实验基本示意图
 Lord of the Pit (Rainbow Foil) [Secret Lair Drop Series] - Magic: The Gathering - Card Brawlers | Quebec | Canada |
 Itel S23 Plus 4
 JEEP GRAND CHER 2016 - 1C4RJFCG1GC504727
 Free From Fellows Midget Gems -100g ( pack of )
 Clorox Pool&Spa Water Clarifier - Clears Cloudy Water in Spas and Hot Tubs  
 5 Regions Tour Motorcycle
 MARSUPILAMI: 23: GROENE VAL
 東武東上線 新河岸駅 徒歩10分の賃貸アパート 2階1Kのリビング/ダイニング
■ ■ ■
▶ [Prompt]
Give back exactly the lines starting at the one with "JEEP GRAND CHER 2016 - 1C4RJFCG1GC504727" and running to the end of the listing. Include both ends.

▶ [Output of the task]
 JEEP GRAND CHER 2016 - 1C4RJFCG1GC504727
 Free From Fellows Midget Gems -100g ( pack of )
 Clorox Pool&Spa Water Clarifier - Clears Cloudy Water in Spas and Hot Tubs  
 5 Regions Tour Motorcycle
 MARSUPILAMI: 23: GROENE VAL
 東武東上線 新河岸駅 徒歩10分の賃貸アパート 2階1Kのリビング/ダイニング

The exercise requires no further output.